Will you be adding new markets?
Yes, we need to make sure that we’ve got a good presence beyond the metro markets. This is not just in terms of sales, but also in terms of after sales and all those touch points. We are looking specifically at the Tier 2, Tier 3 and Tier 4 markets.
There is growth in the metro markets, but it’s the non-metro markets that are actually expanding at a much faster pace. The customer needs in these non-metro markets may be a little bit different, but again, the customers are now very savvy and we’ve got opportunity in these new markets.
We are following a scalable approach in our network expansion. We want to provide peace of mind across different geographies, that we are present and customers need not worry when it comes to after sales.
If our network is not profitable, then we have got issues. The over-dealerisation leads to several pitfalls including an adverse impact on network profitability.
Given where we are and what our intentions are, the idea is not to over-dealerise, but to make sure that we are there at the right points and also with the right partners.

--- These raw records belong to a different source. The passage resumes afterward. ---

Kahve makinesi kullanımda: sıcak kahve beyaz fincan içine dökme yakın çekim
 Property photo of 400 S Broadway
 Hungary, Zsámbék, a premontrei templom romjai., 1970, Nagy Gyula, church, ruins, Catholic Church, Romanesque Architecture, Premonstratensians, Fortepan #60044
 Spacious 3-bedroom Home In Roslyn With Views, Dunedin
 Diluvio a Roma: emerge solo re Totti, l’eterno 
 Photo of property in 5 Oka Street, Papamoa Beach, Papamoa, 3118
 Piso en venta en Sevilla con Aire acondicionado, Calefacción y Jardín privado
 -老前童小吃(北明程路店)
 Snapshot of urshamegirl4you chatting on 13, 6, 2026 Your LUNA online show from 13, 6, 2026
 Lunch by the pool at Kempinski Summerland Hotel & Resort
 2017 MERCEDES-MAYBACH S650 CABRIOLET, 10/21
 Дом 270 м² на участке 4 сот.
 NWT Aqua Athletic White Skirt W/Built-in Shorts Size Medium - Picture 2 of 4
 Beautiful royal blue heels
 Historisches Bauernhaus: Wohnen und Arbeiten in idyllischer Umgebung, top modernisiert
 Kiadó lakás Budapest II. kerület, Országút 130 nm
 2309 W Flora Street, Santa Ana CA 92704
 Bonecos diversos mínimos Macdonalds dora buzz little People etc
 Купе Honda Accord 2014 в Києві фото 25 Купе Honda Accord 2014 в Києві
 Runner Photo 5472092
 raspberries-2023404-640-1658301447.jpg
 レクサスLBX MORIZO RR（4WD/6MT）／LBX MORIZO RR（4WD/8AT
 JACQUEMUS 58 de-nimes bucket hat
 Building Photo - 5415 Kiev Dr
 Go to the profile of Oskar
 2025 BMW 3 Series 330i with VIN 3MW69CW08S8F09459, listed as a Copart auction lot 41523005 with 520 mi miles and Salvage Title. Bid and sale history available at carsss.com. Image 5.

The intent is not just to be everywhere but to be at specific places with our existing partners or new partners in a scalable manner, which at the end of the day will be a profitable venture for our dealer partners and will help us sell more cars.
FADA is keen that Stellantis sign the Model Dealer Agreement. Will you be signing it?
All our agreements and contracts are aligned to the Stelentis Group’s guidelines. And these guidelines are adapted to the country of our operations. These are defined keeping in mind interests of our partners. We make sure that the agreements and contracts we have are adapted to India and take care of the interests of our dealer partners and ourselves. So, while, you know, FADA is a respected body and we truly value their contribution, we’re looking at the MDA (model dealer agreement), but at this point, all our contracts are aligned with the group’s guidelines and are adapted to the Indian context, keeping the various stakeholders in mind.
You excelled well in the hybrid working environment, will you be encouraging going back to the office?
There is a need to work together in order to improve the different areas of operation. While remote working has proven very successful, at this point, we need to be together to take quicker decisions. We have just set up our office in Bombay.
In addition to this, you know, we have got our offices and engineering centers in Chennai, Pune, and software centres that are present in Hyderabad and Bangalore where we work very closely with these teams.
We need to continue to work with each other, whether it is hybrid or in person or remotely, because, you know, losing that human touch is something that we don’t want to let come in the way of our work.
And as this expansion progresses, we’ll definitely be looking at where we need to have additional presence.
What are your future product plans?
The segment over Rs 10 lakh is something that is growing at a much faster pace than the segment below Rs 10 lakh. That is very clear.
So, in terms of our immediate priorities when it comes to product, there are some changes we need to make on the C3 Aircross, which will happen very quickly. These are feature updates. They will happen between June and the festive period. So, it’s happening quickly.
It is not just for C3 Aircross, but will also be applicable for EC3, where we have started seeing some renewed interest and also for C3. Then you will see further updates in 2025 – feature sets and aesthetics. We want to make sure that we don’t fall back in terms of customer aspirations and we build the brand.
We are already thinking about 2026 and 2027 with the next phase of upgrades.
Building the Citroen brand and making it aspirational from a product perspective is very crucial for us to succeed in India.
More new products- will be CKD or CBU?
From a product perspective, there’s more coming in 2024. In a couple of weeks, we’ll have more details on the new product under Citroen.
Bringing in CBU, CKD, is that part of your thought process?
We’re always evaluating what can be brought in from the Stellantis stables. We’ve got quite a few options. We are evaluating a few other things that could happen quickly. We’ll talk more about that perhaps in the next few months.